## Given data
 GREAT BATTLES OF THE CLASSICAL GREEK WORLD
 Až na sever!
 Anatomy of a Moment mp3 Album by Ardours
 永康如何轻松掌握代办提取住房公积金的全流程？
==
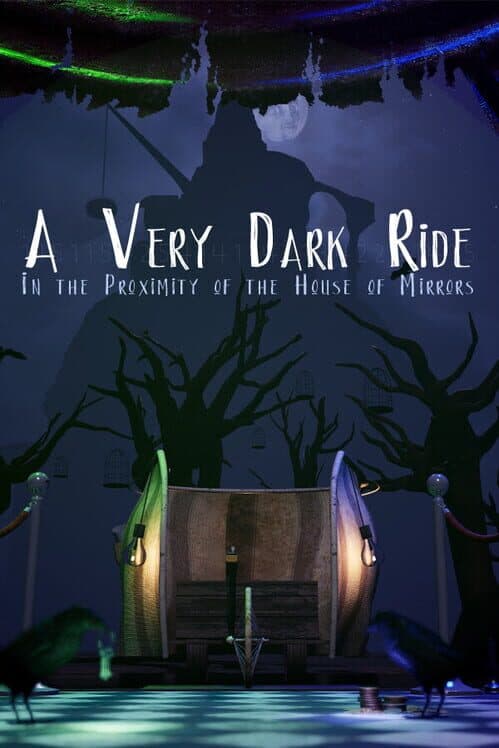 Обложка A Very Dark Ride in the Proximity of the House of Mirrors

## What the exercise asks
Reproduce exactly the section above that begins at the line containing "GREAT BATTLES OF THE CLASSICAL GREEK WORLD" and ends at the line containing "永康如何轻松掌握代办提取住房公积金的全流程？", leaving out all other lines.

## Task result
 GREAT BATTLES OF THE CLASSICAL GREEK WORLD
 Až na sever!
 Anatomy of a Moment mp3 Album by Ardours
 永康如何轻松掌握代办提取住房公积金的全流程？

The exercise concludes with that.